Bull World Health Organ. 1977;55(6):675-702.
This Memorandum discusses the problems and techniques involved in the detection of carriers of haemophilia A (blood coagulation factor VIII deficiency) and haemophilia B (factor IX deficiency), particularly with a view to its application to genetic counselling. Apart from the personal suffering caused by haemophilia, the proper treatment of haemophiliacs places a great strain on the blood transfusion services, and it is therefore important that potential carriers should have precise information about the consequences of their having children.The Memorandum classifies the types of carrier and describes the laboratory methods used for the assessment of coagulant activity and antigen concentration in blood. Particular emphasis is laid on the establishment of international, national, and laboratory (working) standards for factors VIII and IX and their calibration in international units (IU). This is followed by a detailed account of the statistical analysis of pedigree and laboratory data, which leads to an assessment of the likelihood that a particular person will transmit the haemophilia gene to her children. Finally, the problems and responsibilities involved in genetic counselling are considered.

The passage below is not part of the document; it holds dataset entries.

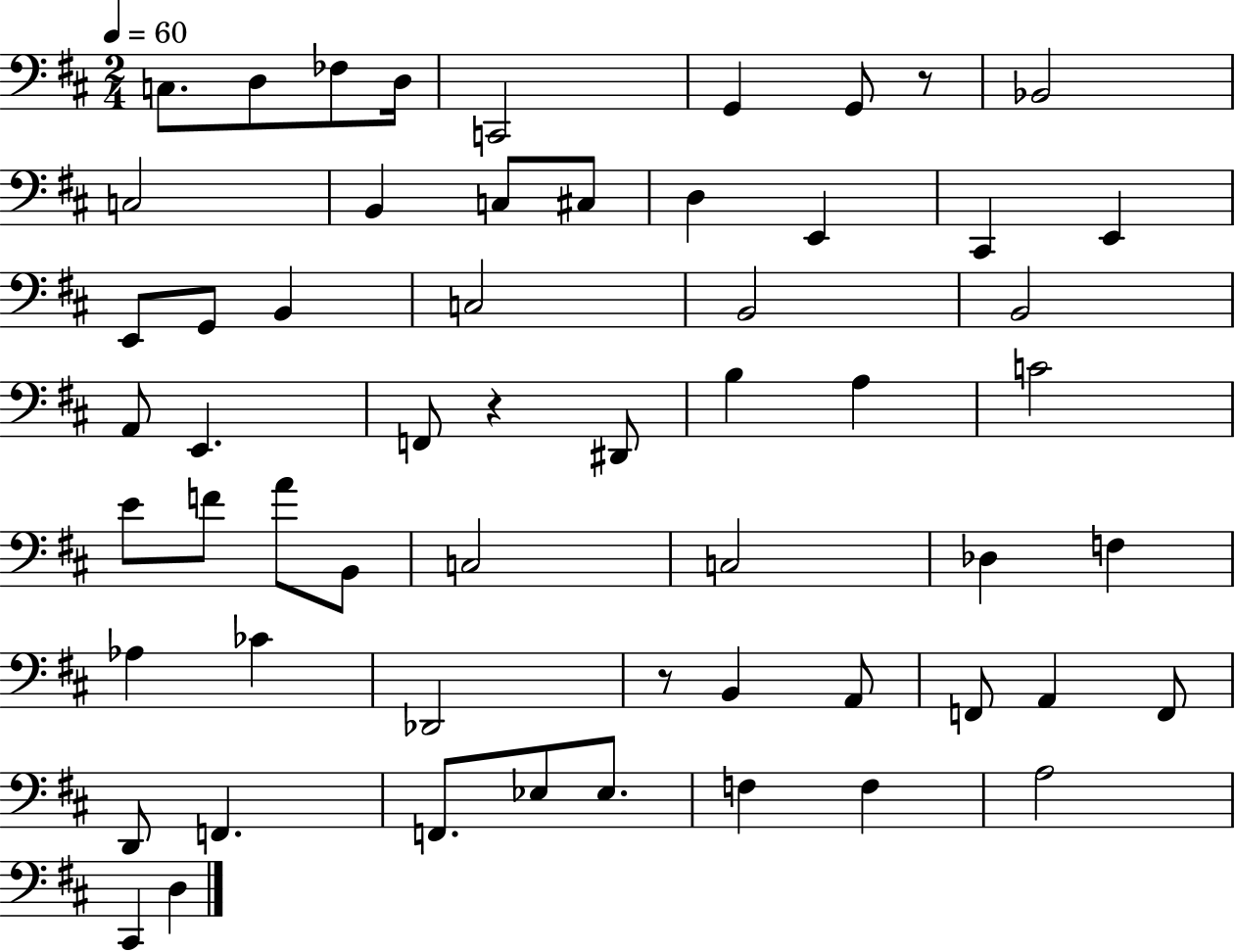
X:1
T:Untitled
M:2/4
L:1/4
K:D
C,/2 D,/2 _F,/2 D,/4 C,,2 G,, G,,/2 z/2 _B,,2 C,2 B,, C,/2 ^C,/2 D, E,, ^C,, E,, E,,/2 G,,/2 B,, C,2 B,,2 B,,2 A,,/2 E,, F,,/2 z ^D,,/2 B, A, C2 E/2 F/2 A/2 B,,/2 C,2 C,2 _D, F, _A, _C _D,,2 z/2 B,, A,,/2 F,,/2 A,, F,,/2 D,,/2 F,, F,,/2 _E,/2 _E,/2 F, F, A,2 ^C,, D,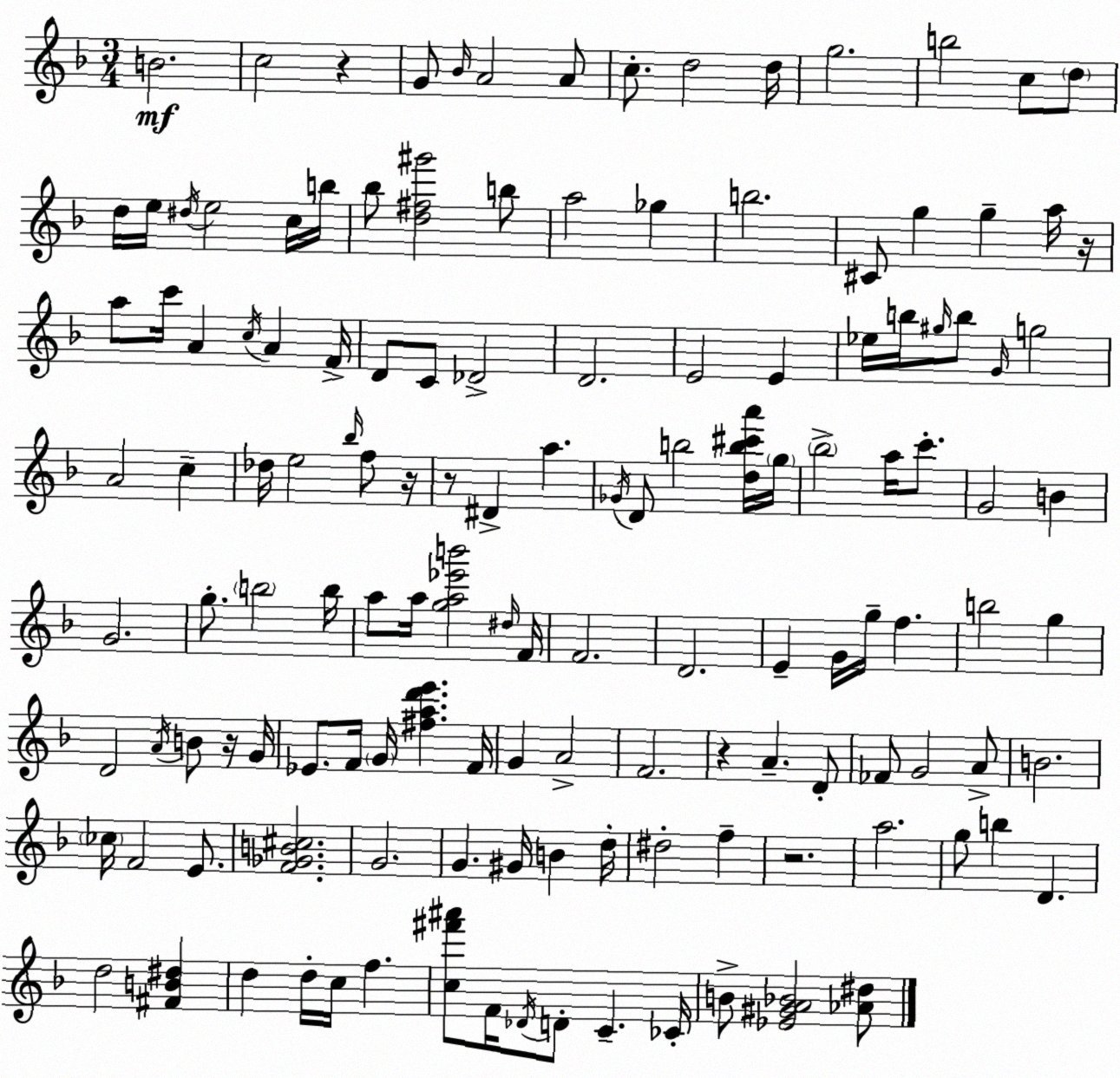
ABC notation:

X:1
T:Untitled
M:3/4
L:1/4
K:Dm
B2 c2 z G/2 _B/4 A2 A/2 c/2 d2 d/4 g2 b2 c/2 d/2 d/4 e/4 ^d/4 e2 c/4 b/4 _b/2 [d^f^g']2 b/2 a2 _g b2 ^C/2 g g a/4 z/4 a/2 c'/4 A c/4 A F/4 D/2 C/2 _D2 D2 E2 E _e/4 b/4 ^g/4 b/2 G/4 g2 A2 c _d/4 e2 _b/4 f/2 z/4 z/2 ^D a _G/4 D/2 b2 [db^c'a']/4 g/4 _b2 a/4 c'/2 G2 B G2 g/2 b2 b/4 a/2 a/4 [ga_e'b']2 ^d/4 F/4 F2 D2 E G/4 g/4 f b2 g D2 A/4 B/2 z/4 G/4 _E/2 F/4 G/4 [^fad'e'] F/4 G A2 F2 z A D/2 _F/2 G2 A/2 B2 _c/4 F2 E/2 [F_GB^c]2 G2 G ^G/4 B d/4 ^d2 f z2 a2 g/2 b D d2 [^FB^d] d d/4 c/4 f [c^f'^a']/2 F/4 _D/4 D/2 C _C/4 B/2 [_E^GA_B]2 [_A^d]/2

本备忘录讨论了检测甲型血友病(凝血因子 VIII 缺乏症)和乙型血友病(因子 IX 缺乏症)携带者所涉及的问题和技术,特别是着眼于其在遗传咨询中的应用。除了血友病所带来的个人痛苦外,血友病患者的妥善治疗给输血服务带来了巨大压力,因此潜在携带者应准确了解生育子女的后果,这一点很重要。本备忘录对携带者类型进行了分类,并描述了用于评估血液中凝血活性和抗原浓度的实验室方法。特别强调了制定因子 VIII 和 IX 的国际、国家和实验室(工作)标准以及用国际单位(IU)进行校准。接下来详细说明了系谱和实验室数据的统计分析,据此评估特定个体将血友病基因传给其子女的可能性。最后,考虑了遗传咨询中涉及的问题和责任。